Task item →
Begin with the line below holding "Depoimento em vídeo" and go on through the line holding "Manifestación en El", duplicating each line exactly and leaving out pictures.

Data to process →
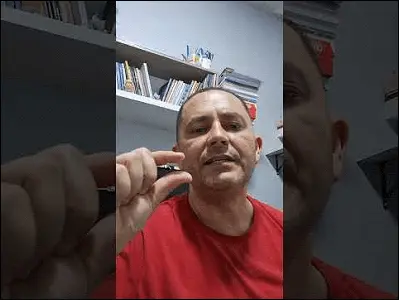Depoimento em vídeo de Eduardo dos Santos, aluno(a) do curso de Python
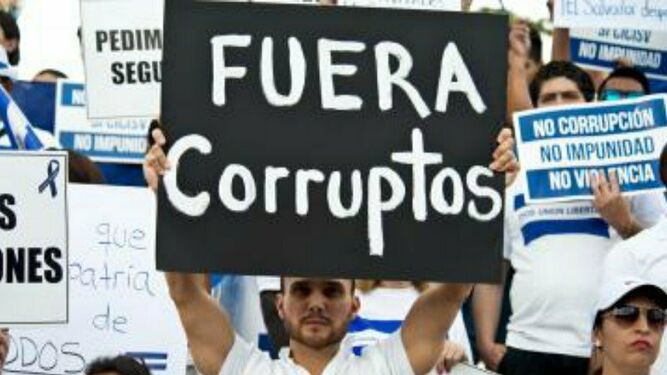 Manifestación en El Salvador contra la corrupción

* * *

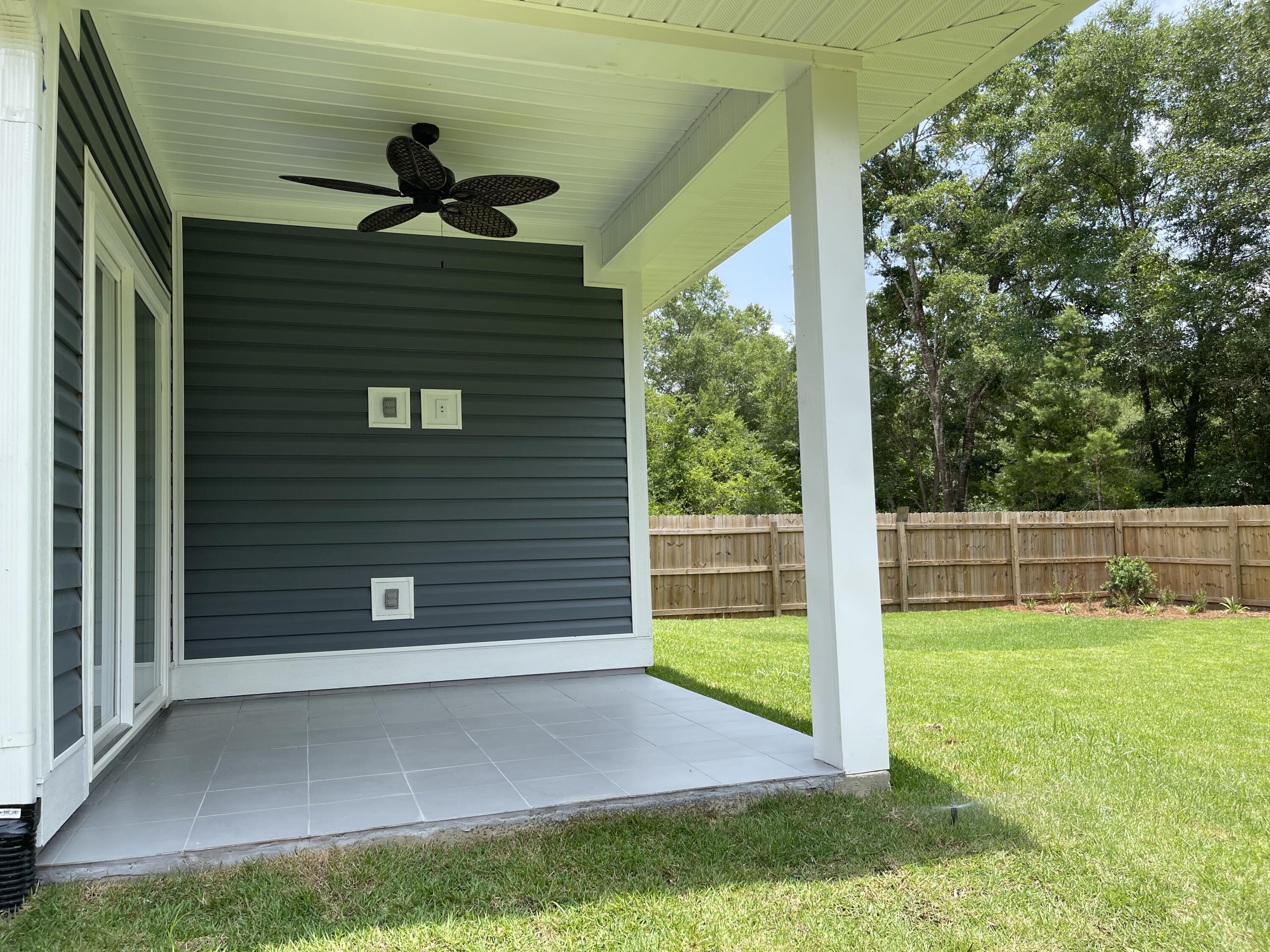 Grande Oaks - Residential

==

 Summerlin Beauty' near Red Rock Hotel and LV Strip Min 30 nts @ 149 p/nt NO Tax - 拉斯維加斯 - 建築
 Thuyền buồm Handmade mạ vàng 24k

The completed task →
Depoimento em vídeo de Eduardo dos Santos, aluno(a) do curso de Python
 Manifestación en El Salvador contra la corrupción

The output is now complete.